Title: Continuum
Word Count: 743
Rating: PG-13 for talk of violence and blood.
Original/Fandom: DC Comics; Batman comics.
Pairings (if any): There are none. the characters are Jason Todd (Red Hood) and Damian Wayne (Robin), though.
Warnings (Non-Con/Dub-Con/RPF etc): Mentions of blood, near death of a minor, shameless Alfred fangirling, and I think that’s it.
Summary: Jason saves Damian’s life.
It takes four hours and thirteen minutes for Damian to fall asleep. He’s sucked down in the midst of your pillows and, buried beneath a blanket you stole from Dick’s apartment, because you think if you hear that fatal sentence - ‘I’m so cold’ - you might scream.
There is an unsettling stillness to his body that hadn’t been there before. The entire time he’d been muttering hateful hostility because he thinks the same way you do; that hate will easily mask your vulnerability.
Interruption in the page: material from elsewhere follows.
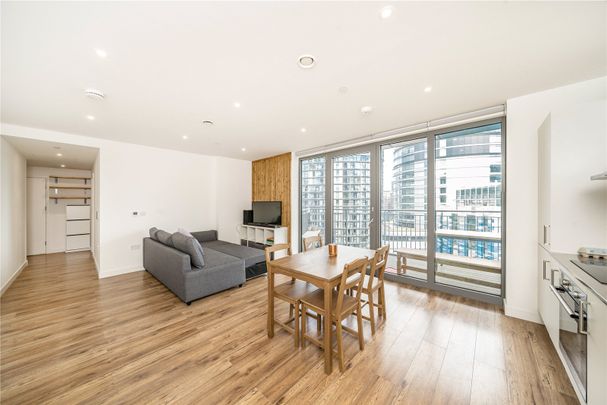 Palmer Road, Clapham, SW11, London - Photo 1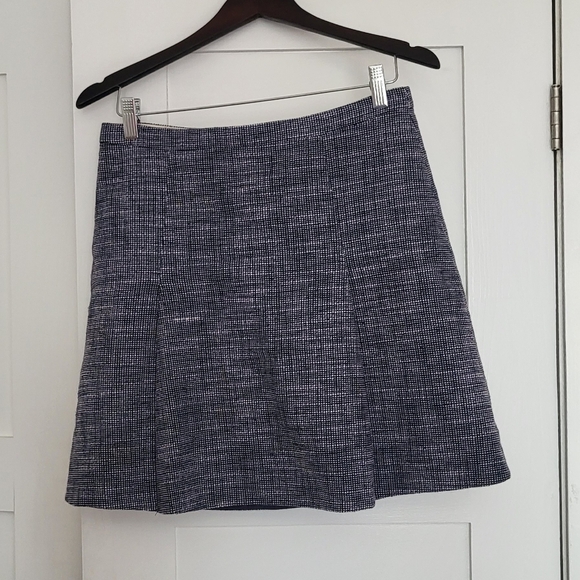 J Crew navy tweed skirt - Picture 3 of 10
The tension slips out of his shoulders. His face slackens. He doesn’t seem to be rigged for detonation at any second anymore.
You sit, tucked into a corner, watching the even rise and fall of his tiny chest. You figure you could probably fit your entire hand - from palm to finger tips - across that chest and still not run out of hand before you run out of chest. You were never that small, that fragile. You died at fourteen and still you were never that young. You hate Bruce for a second, for using this kid, this ten year old baby. You hate Bruce for turning this child into a weapon, and you know how stupid that is. You know he was born a weapon and Bruce only had to light the fuse. You know it’s not Bruce’s fault but you still hate him for it.
The Joker had tried to put a smile on the kid, starting at his throat. You imagine he probably told Damian a story attached to that knife, about how he had been a comedian, except nobody ever laughed at him, and he never really laughed himself. So one day he took a knife and carved a permanent smile on his face, because that was the real joke of the matter. He always had stupid stories like that to tell, stupid stories that weren’t ever real.
You’ve already wondered how long Damian listened before he started punching. The kid had already almost bled out completely by the time you had torn through every single room in that goddamn building in your search for him. You found him in the basement.
He had been sprawled across the dirty concrete, fingers clenching and unclenching around his throat. Like they knew they should apply pressure but finding themselves without the strength to do so. The blood kept slipping and melting through his tiny fingers, turning his hands, his shirt, the floor red.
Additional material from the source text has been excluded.